The device is known as a photoelectrochemical cell because the absorption of light, its conversion into electricity and the use of the electricity to power a chemical reaction all occur in the same device. Until now, using photoelectrochemical technology to produce green hydrogen was hampered by low efficiencies and the high cost of semiconductors.
"All devices of this type produce green hydrogen using only sunlight and water, but ours is exceptional because it has record-breaking efficiency and it uses a semiconductor that is very cheap," Fehr said.
The Mohite lab and its collaborators created the device by turning their highly-competitive solar cell into a reactor that could use harvested energy to split water into oxygen and hydrogen.
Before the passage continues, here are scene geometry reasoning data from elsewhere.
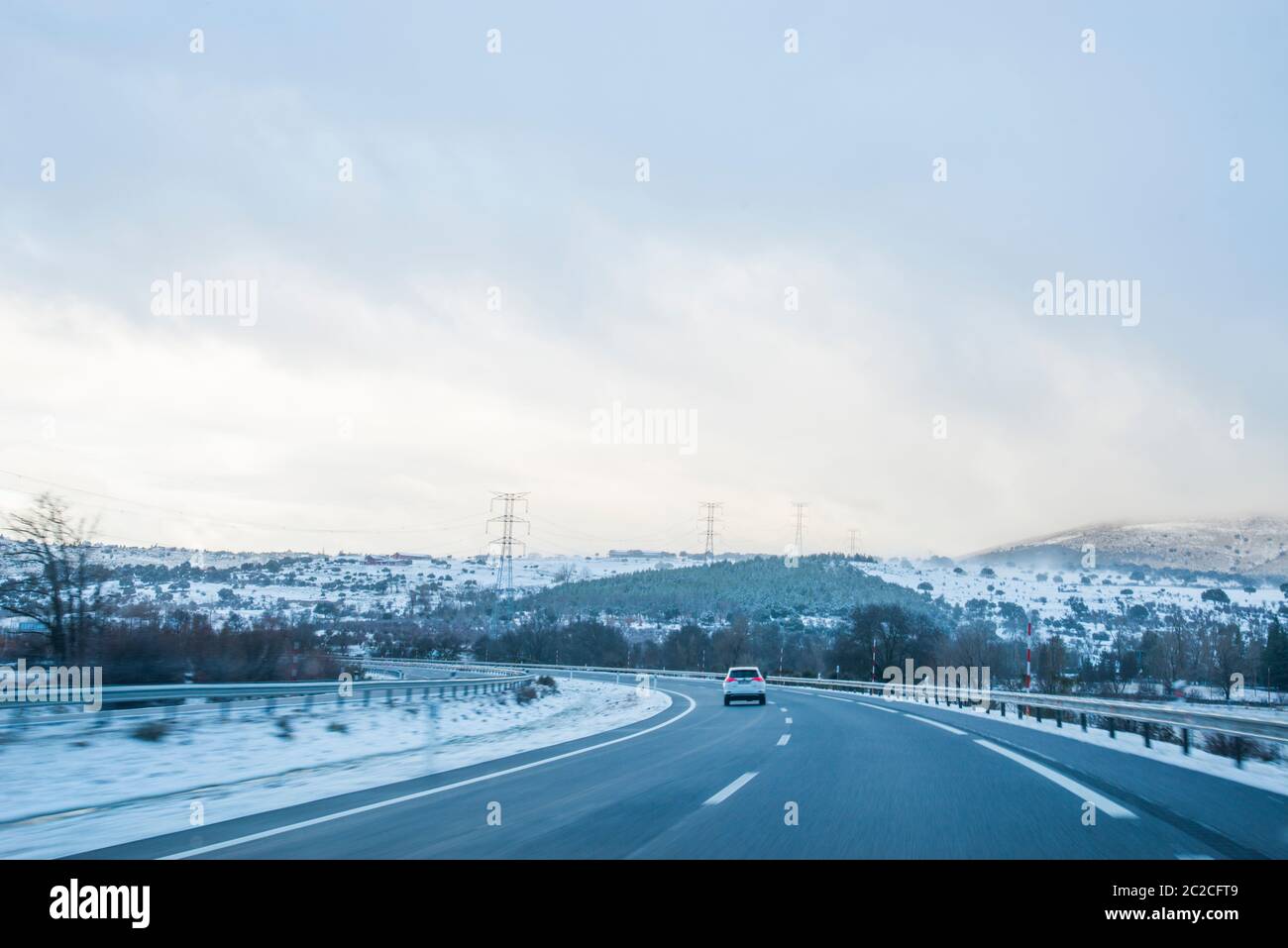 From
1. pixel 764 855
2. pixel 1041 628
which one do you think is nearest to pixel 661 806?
pixel 764 855

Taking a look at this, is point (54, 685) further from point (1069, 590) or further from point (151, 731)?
point (1069, 590)

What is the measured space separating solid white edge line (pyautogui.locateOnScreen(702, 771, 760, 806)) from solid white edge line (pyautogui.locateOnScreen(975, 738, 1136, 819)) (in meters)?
3.90

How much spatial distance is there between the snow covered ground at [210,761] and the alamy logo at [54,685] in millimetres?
921

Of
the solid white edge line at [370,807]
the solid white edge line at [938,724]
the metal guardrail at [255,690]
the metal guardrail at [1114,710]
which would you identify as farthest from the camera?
the solid white edge line at [938,724]

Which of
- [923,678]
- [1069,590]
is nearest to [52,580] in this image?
[923,678]

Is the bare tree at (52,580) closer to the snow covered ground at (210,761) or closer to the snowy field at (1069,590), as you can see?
the snow covered ground at (210,761)

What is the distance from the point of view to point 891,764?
13.8m

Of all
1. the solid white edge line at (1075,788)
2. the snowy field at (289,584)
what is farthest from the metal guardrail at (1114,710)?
A: the snowy field at (289,584)

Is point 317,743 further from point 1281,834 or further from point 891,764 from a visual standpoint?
point 1281,834

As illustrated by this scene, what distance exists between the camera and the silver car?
35.5m

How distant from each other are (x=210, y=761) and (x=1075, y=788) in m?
13.5

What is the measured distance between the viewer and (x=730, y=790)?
11070 mm
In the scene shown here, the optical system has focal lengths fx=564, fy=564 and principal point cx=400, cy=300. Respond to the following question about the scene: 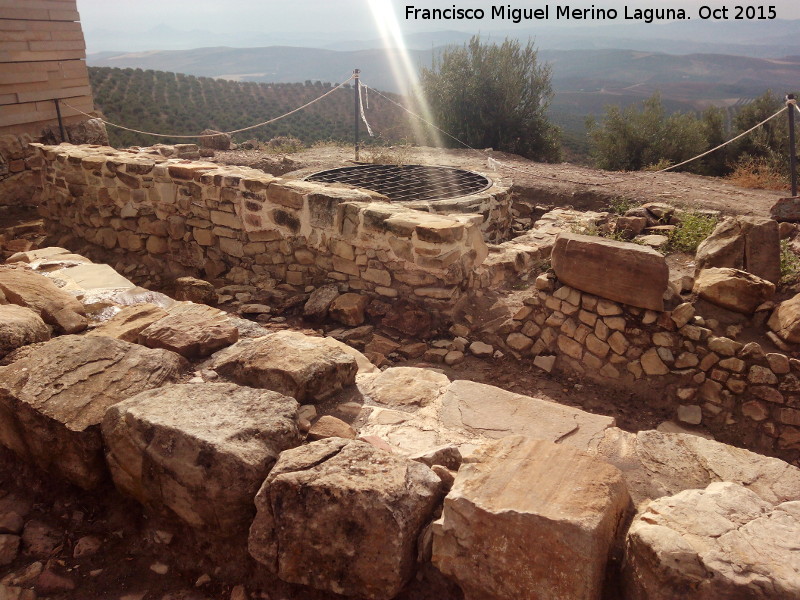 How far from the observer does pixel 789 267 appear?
4.13m

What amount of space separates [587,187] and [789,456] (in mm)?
4914

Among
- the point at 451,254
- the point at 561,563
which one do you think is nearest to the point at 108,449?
the point at 561,563

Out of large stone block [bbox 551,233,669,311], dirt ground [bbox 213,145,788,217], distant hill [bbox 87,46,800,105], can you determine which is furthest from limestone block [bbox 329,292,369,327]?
distant hill [bbox 87,46,800,105]

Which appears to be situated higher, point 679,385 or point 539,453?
point 539,453

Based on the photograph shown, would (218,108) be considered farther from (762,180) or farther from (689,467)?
(689,467)

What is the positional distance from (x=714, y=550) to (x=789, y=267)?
11.7ft

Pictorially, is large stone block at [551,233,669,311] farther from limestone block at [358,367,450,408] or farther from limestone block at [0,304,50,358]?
limestone block at [0,304,50,358]

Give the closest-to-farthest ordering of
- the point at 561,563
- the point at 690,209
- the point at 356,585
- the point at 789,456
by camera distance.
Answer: the point at 561,563, the point at 356,585, the point at 789,456, the point at 690,209

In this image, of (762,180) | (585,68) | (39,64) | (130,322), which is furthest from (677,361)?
(585,68)

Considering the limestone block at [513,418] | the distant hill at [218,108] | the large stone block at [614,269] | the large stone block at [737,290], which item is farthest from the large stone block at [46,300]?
the distant hill at [218,108]

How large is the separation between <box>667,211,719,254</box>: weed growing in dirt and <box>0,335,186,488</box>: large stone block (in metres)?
4.45

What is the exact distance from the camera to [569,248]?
13.6ft

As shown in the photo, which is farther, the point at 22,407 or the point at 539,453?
the point at 22,407

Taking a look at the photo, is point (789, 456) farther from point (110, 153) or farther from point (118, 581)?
point (110, 153) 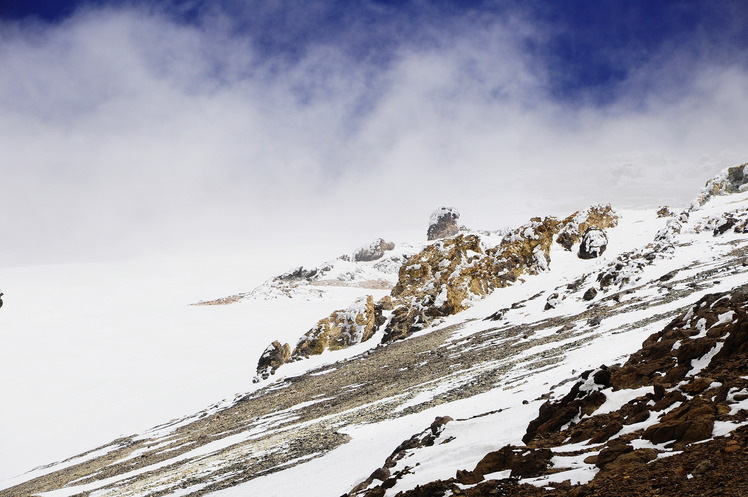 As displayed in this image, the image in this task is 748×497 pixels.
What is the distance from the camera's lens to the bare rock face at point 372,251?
409 feet

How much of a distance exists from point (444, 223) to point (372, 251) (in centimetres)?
1884

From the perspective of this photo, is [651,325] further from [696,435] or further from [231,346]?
[231,346]

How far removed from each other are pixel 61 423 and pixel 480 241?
151 ft

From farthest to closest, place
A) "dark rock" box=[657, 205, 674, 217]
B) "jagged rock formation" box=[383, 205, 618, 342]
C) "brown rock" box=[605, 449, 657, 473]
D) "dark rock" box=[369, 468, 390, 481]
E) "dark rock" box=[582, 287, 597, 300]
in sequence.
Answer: "dark rock" box=[657, 205, 674, 217], "jagged rock formation" box=[383, 205, 618, 342], "dark rock" box=[582, 287, 597, 300], "dark rock" box=[369, 468, 390, 481], "brown rock" box=[605, 449, 657, 473]

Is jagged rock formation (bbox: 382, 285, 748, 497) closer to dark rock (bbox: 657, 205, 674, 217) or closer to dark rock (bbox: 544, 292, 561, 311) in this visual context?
dark rock (bbox: 544, 292, 561, 311)

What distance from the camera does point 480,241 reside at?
2432 inches

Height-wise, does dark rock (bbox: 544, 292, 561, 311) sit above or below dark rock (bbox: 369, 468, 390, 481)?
above

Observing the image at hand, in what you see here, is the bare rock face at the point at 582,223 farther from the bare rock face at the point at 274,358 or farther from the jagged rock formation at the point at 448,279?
the bare rock face at the point at 274,358

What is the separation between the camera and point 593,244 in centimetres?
5203

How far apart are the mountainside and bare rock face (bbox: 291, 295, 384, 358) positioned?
150 millimetres

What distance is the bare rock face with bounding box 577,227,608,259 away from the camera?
5184 centimetres

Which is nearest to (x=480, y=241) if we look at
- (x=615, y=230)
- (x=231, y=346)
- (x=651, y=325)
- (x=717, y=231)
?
(x=615, y=230)

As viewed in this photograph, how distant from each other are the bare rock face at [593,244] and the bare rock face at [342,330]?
21.9 m

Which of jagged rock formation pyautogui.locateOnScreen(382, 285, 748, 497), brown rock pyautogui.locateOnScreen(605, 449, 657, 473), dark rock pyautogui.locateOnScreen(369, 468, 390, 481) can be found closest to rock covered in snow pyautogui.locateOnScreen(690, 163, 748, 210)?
jagged rock formation pyautogui.locateOnScreen(382, 285, 748, 497) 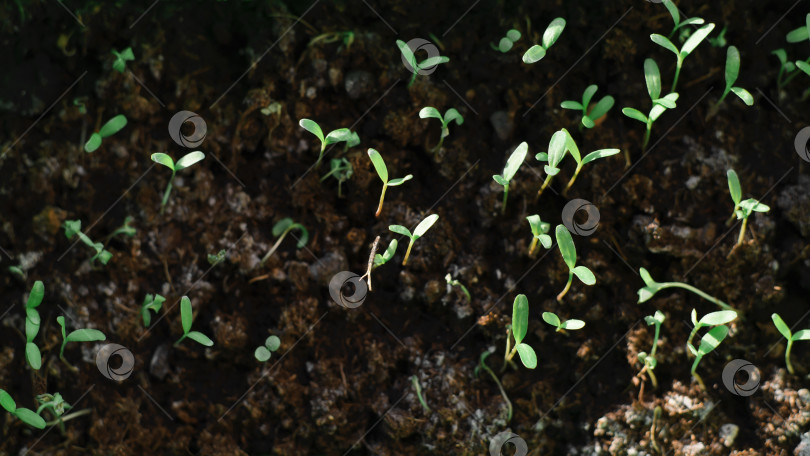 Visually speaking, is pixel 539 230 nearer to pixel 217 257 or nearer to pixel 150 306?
pixel 217 257

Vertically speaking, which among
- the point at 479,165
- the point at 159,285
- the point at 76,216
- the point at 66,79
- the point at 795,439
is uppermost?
the point at 66,79

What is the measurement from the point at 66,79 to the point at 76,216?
33 centimetres

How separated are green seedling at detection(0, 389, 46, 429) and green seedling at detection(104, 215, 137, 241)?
38 centimetres

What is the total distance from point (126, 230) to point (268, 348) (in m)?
0.42

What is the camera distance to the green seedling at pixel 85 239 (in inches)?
61.8

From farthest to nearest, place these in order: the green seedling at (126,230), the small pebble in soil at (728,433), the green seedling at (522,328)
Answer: the green seedling at (126,230) → the small pebble in soil at (728,433) → the green seedling at (522,328)

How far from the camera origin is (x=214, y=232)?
1621mm

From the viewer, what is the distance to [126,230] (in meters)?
1.60

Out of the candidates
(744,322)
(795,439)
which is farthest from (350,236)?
(795,439)

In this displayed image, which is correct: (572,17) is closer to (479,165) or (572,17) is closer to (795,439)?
(479,165)

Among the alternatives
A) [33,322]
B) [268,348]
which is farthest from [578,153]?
[33,322]

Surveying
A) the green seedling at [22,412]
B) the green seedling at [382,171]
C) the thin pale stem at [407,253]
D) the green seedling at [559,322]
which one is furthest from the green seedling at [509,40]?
the green seedling at [22,412]

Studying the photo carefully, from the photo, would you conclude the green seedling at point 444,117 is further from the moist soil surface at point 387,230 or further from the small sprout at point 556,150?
the small sprout at point 556,150

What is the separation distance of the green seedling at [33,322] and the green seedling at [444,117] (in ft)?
2.89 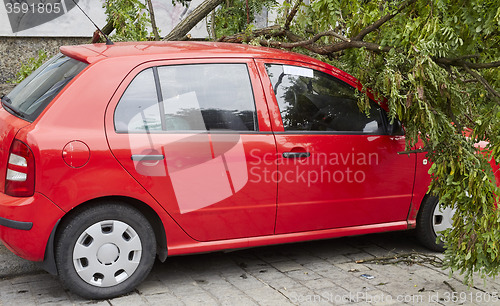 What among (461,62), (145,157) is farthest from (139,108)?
(461,62)

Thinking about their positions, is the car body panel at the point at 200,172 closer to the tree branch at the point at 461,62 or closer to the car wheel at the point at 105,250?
the car wheel at the point at 105,250

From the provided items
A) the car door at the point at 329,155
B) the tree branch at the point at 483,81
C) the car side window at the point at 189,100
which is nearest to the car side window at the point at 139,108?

The challenge they had to overcome was that halide perovskites are extremely unstable in water and coatings used to insulate the semiconductors ended up either disrupting their function or damaging them.
"Over the last two years, we've gone back and forth trying different materials and techniques," said Michael Wong, a Rice chemical engineer and co-author on the study.
After lengthy trials failed to yield the desired result, the researchers finally came across a winning solution.
"Our key insight was that you needed two layers to the barrier, one to block the water and one to make good electrical contact between the perovskite layers and the protective layer," Fehr said. "Our results are the highest efficiency for photoelectrochemical cells without solar concentration, and the best overall for those using halide perovskite semiconductors.
"It is a first for a field that has historically been dominated by prohibitively expensive semiconductors, and may represent a pathway to commercial feasibility for this type of device for the first time ever," Fehr said.
The researchers showed their barrier design worked for different reactions and with different semiconductors, making it applicable across many systems.
"We hope that such systems will serve as a platform for driving a wide range of electrons to fuel-forming reactions using abundant feedstocks with only sunlight as the energy input," Mohite said.
"With further improvements to stability and scale, this technology could open up the hydrogen economy and change the way humans make things from fossil fuel to solar fuel," Fehr added.
Rice graduate students Ayush Agrawal and Faiz Mandani are lead authors on the study alongside Fehr. The work was also authored in part by the National Renewable Energy Laboratory, which is operated by Alliance for Sustainable Energy LLC for the Department of Energy under Contract DE-AC36-08GO28308.
Mohite is an associate professor of chemical and biomolecular engineering and the faculty director of the Rice Engineering Initiative for Energy Transition and Sustainability, or REINVENTS. Wong is the Tina and Sunit Patel Professor in Molecular Nanotechnology, chair and professor of chemical and biomolecular engineering, and a professor of chemistry, materials science and nanotechnology, as well as civil and environmental engineering.
The research was supported by the Department of Energy (DE-EE0008843), SARIN Energy Inc. and Rice's Shared Equipment Authority.